Beware, however, of leaving out some sentence that was really necessary to the paragraph. Many a paragraph which seems disconnected is so because the writer has unconsciously kept back a link in his chain. Note the jump that you have to make in the following paragraph at the point indicated by the caret.
Several variations of this plan of profit-sharing show that holding employees is the sole motive. A small company, whose stock is closely held, takes in its general department heads as stockholders. But the employee is not allowed to pay for his stock even though he has the money. By the transfer agreement the dividends are credited against it.
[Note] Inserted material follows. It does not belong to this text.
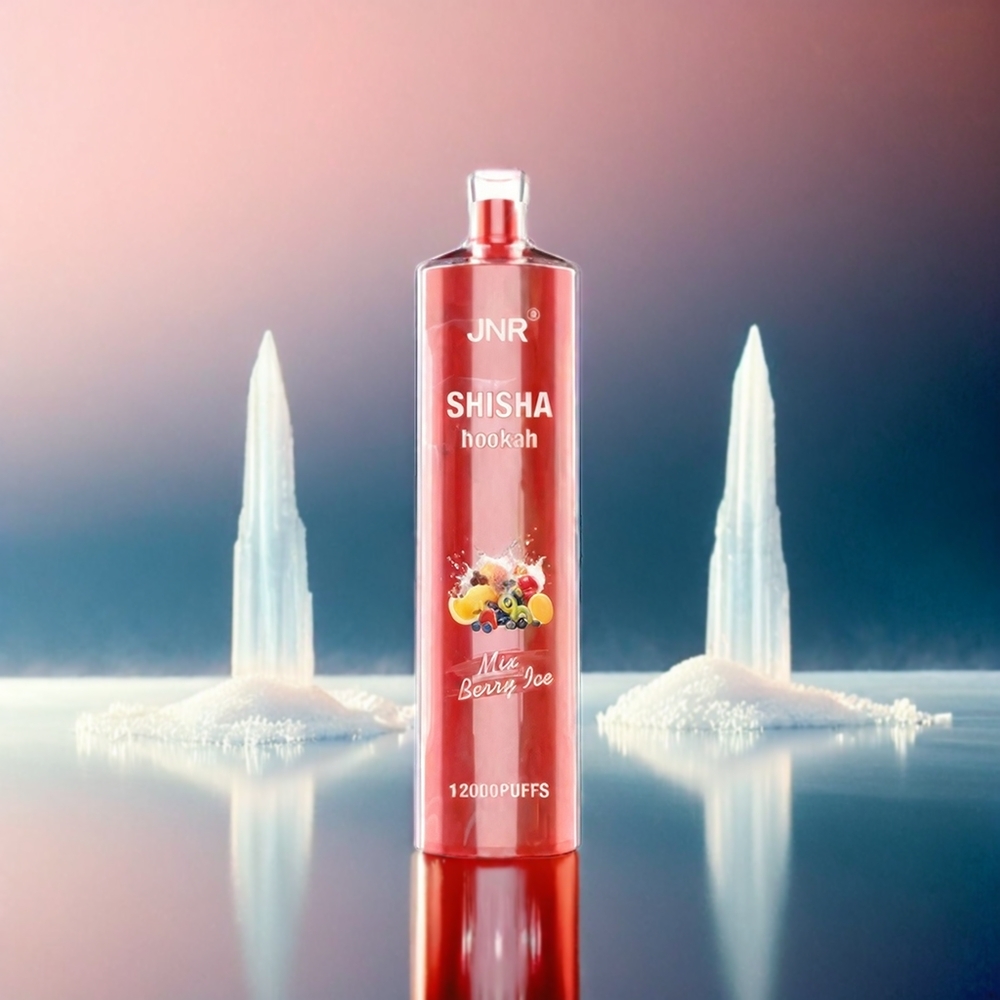 JNR Shisha Hookah Italia Ingrosso 12000 Puffs - Berry Ice (Ghiaccio di Bosco) - 750mAh Batteria, 24ml E-liquid, 0.6 Ohm Mesh Coil, Type-C Charging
A And should he, for any reason, leave the company's employ in the meantime the stock with all credits to it reverts to the company. A9 it takes from ten to fifteen years to pay for the stock, this is an inducement constantly increasing in value for holding the man.
The sentence needed at the caret is, "The stock actually passes to him only when the dividends have paid for it."
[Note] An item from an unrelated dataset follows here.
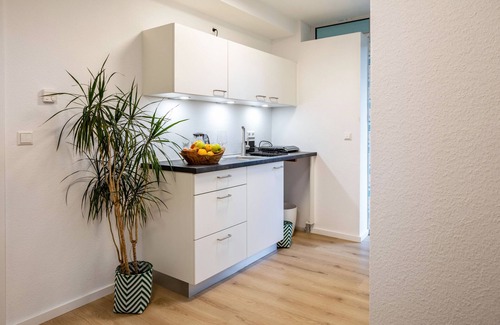 Bad Krozingen Apartment | Studio Apartment 'Feldberg' with Balcony and Wi-Fi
§ 25. Logical order and the presence of all the links are therefore the indispensable conditions of connection within the paragraph. Yet yon can improve the ease between sentences, by two methods.
First, you can use connective words, such as But, Then, Nevertheless, Still, However, At the same time, Yet, In spite of that, On the contrary, On the other hand. These, you see, are all adversatives; they show you that an opposite thought is coming. Then there are the synonyms for and: Also, In the next place, Moreover, Furthermore, Likewise, Besides. These words may begin sentences - note that I have written them with capitals.* But and is rarely used at the opening of a sentence. There is no fixed rule against doing so; this is a free country, and occasionally an initial And is worth using. Being the simplest and most childlike of connectives, it gives a somewhat naive effect, but sometimes an innocent And sentence is just what you want. Do not worry on this point. Worry as to whether you have said And when you meant But, or But when you meant And. Connectives are worse than useless unless they are correctly used.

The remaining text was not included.